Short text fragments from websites
=== Section Start ===
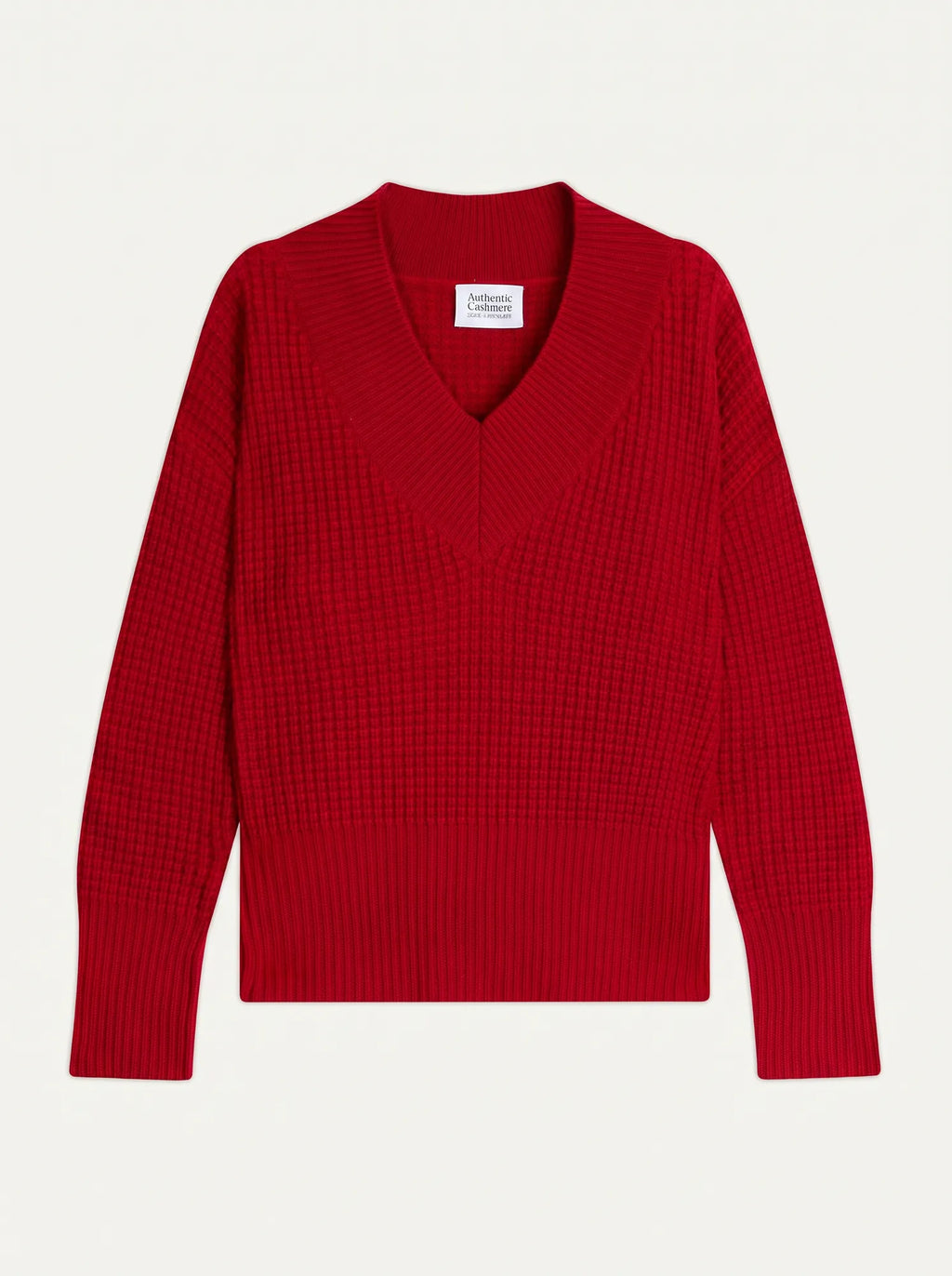 ALPANDE Pullover V-Ausschnitt 8-fädig Karmin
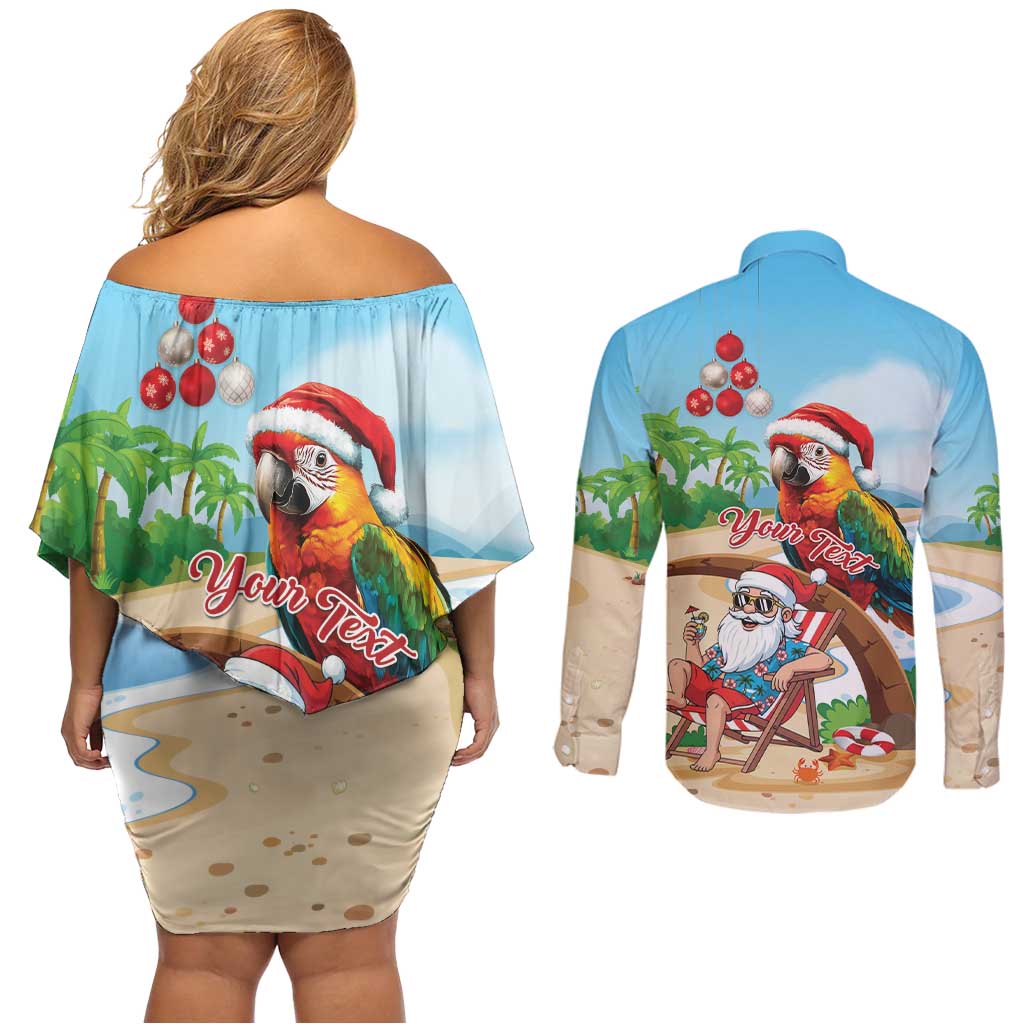 Personalized Hawaii Santa Parrot Christmas Couples Matching Off Shoulder Short Dress and Long Sleeve Button Shirt Summer Vibe - Wonder Print Shop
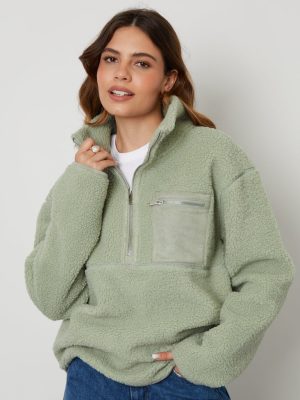 Women’s Sage Half-Zip Borg Fleece – Cozy Warm Pullover Jacket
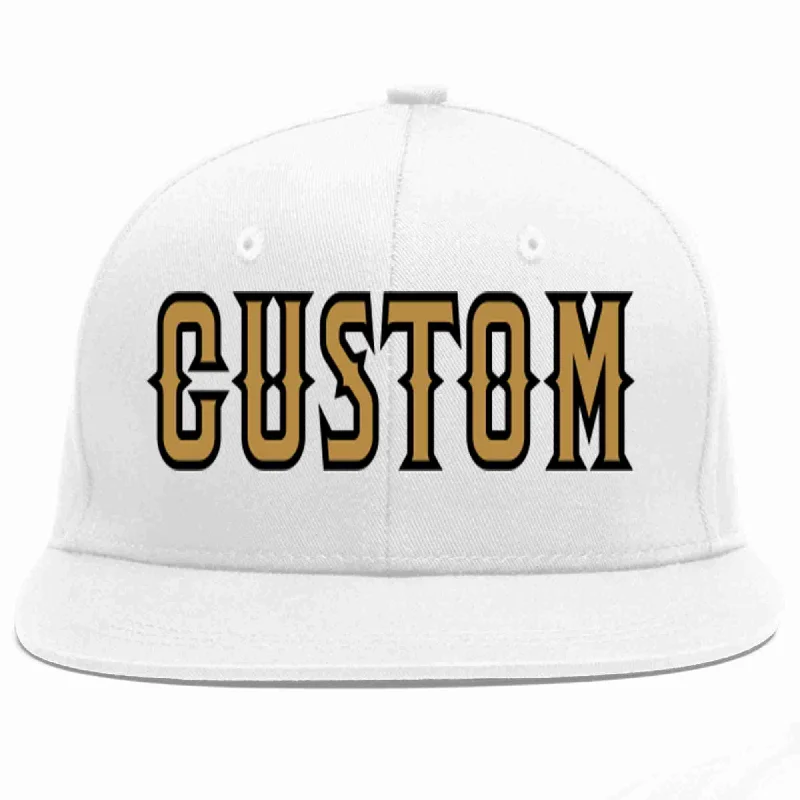 Tactical Baseball Cap-Custom White Old Gold-Black Casual Sport Baseball Cap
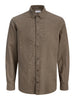 Jack&Jones camicia uomo manica lunga misto lino marrone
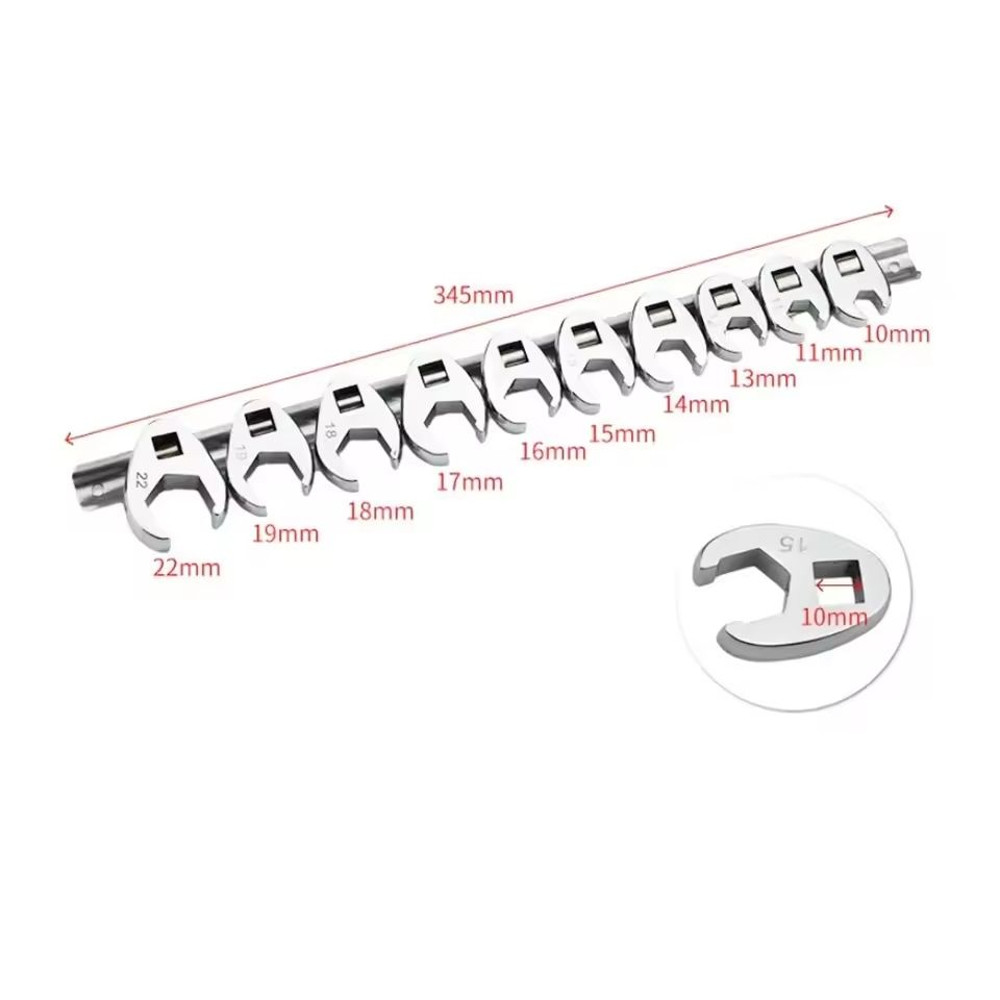 Crowfoot Wrench Set 10 Piece 3 8 Inch Drive Metric 10 To 22mm 2
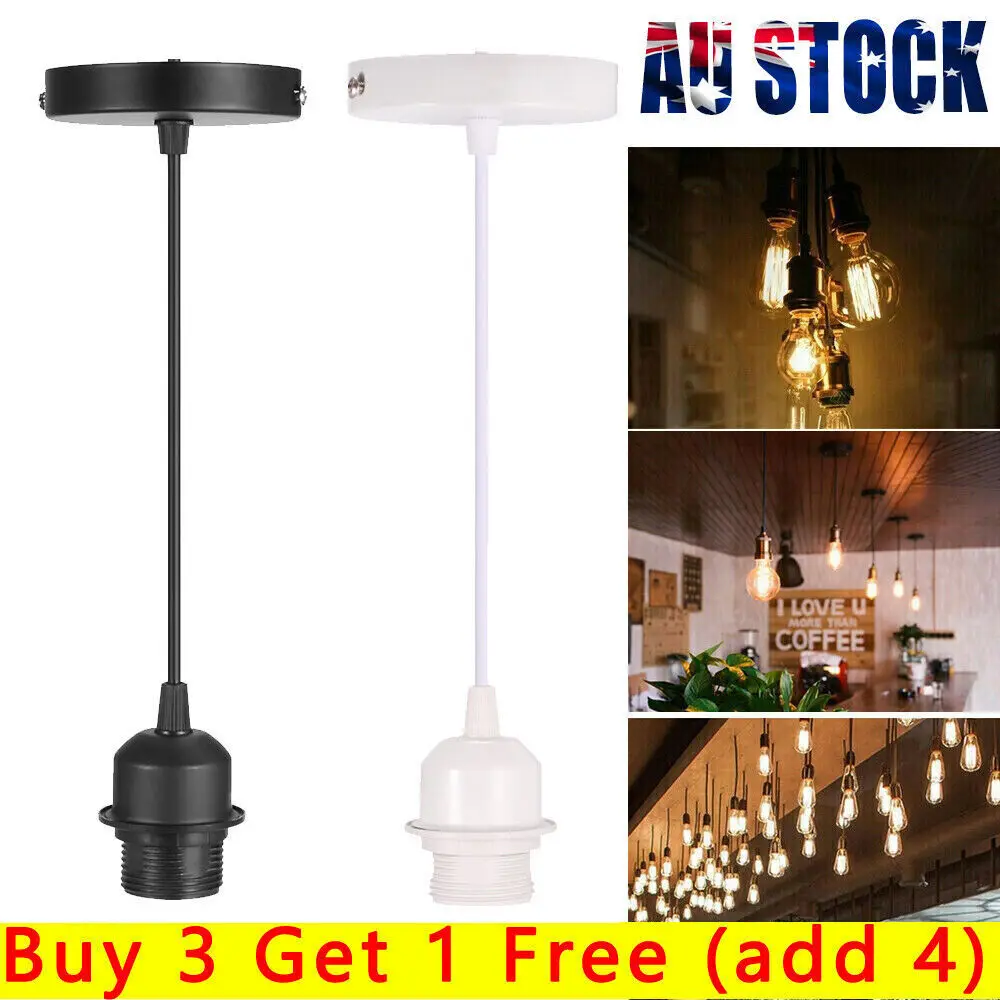 

Vintage Edison Lamp E27 Screw Base Hanging Pendant Light Fixture Full Tooth for Lampshade Bulb Holder Industrial Ceiling Lamp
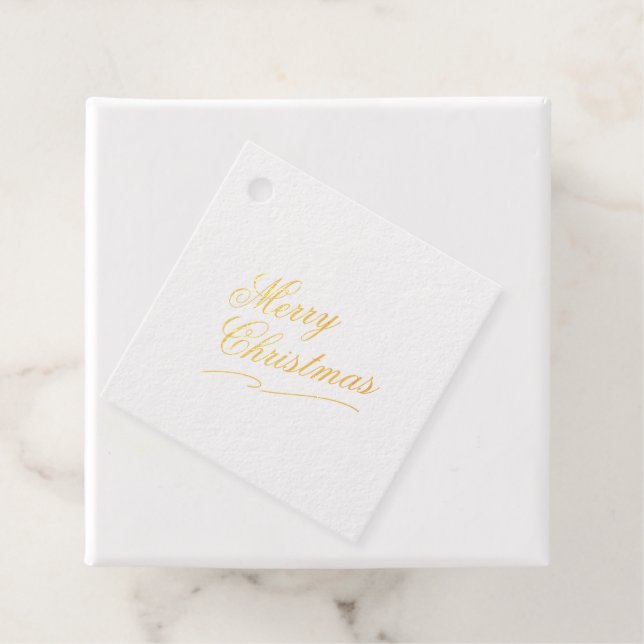 Merry Christmas Photo Favour Tags (With Box)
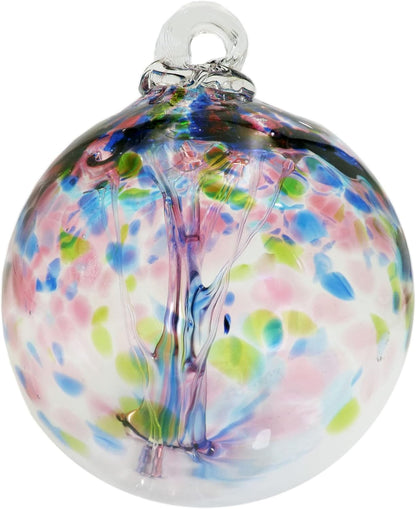 Dale Tiffany AC23211-D6 Rainbow Tree of Life Hand Blown Art Glass Ornament Witch Globe Gazing Ball, Hope, 6" Diameter with Stand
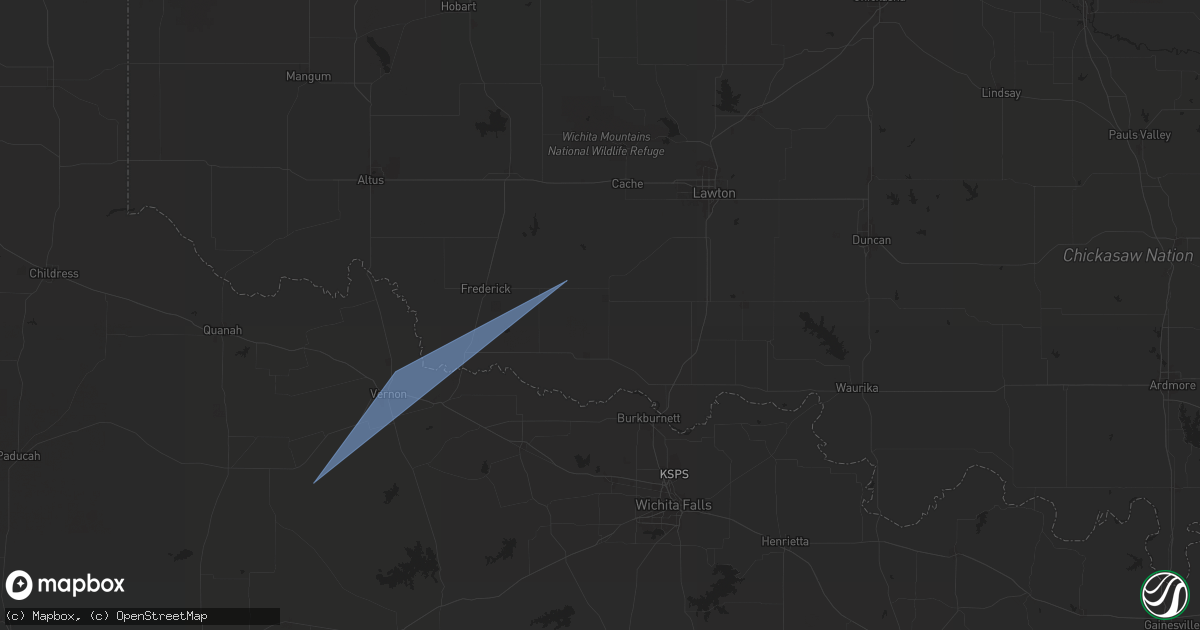 Hail map in Loveland, OK on August 3, 2025
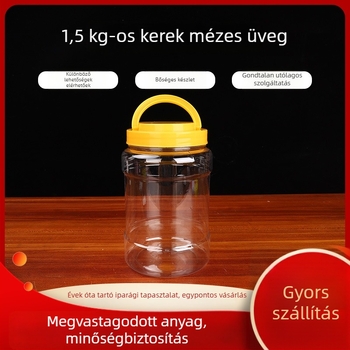 PET tároló palack széles nyakú, 1,5 kg kapacitású, zárható fedél, műanyag anyag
=== Section End ===
*Task objective:*
Only the lines from the line with "Jack&Jones camicia uomo" through the closing line of the data, both included, should be set down, exactly as written and without pictures.

*Output of the task:*
 Jack&Jones camicia uomo manica lunga misto lino marrone
 Crowfoot Wrench Set 10 Piece 3 8 Inch Drive Metric 10 To 22mm 2

Vintage Edison Lamp E27 Screw Base Hanging Pendant Light Fixture Full Tooth for Lampshade Bulb Holder Industrial Ceiling Lamp
 Merry Christmas Photo Favour Tags (With Box)
 Dale Tiffany AC23211-D6 Rainbow Tree of Life Hand Blown Art Glass Ornament Witch Globe Gazing Ball, Hope, 6" Diameter with Stand
 Hail map in Loveland, OK on August 3, 2025
 PET tároló palack széles nyakú, 1,5 kg kapacitású, zárható fedél, műanyag anyag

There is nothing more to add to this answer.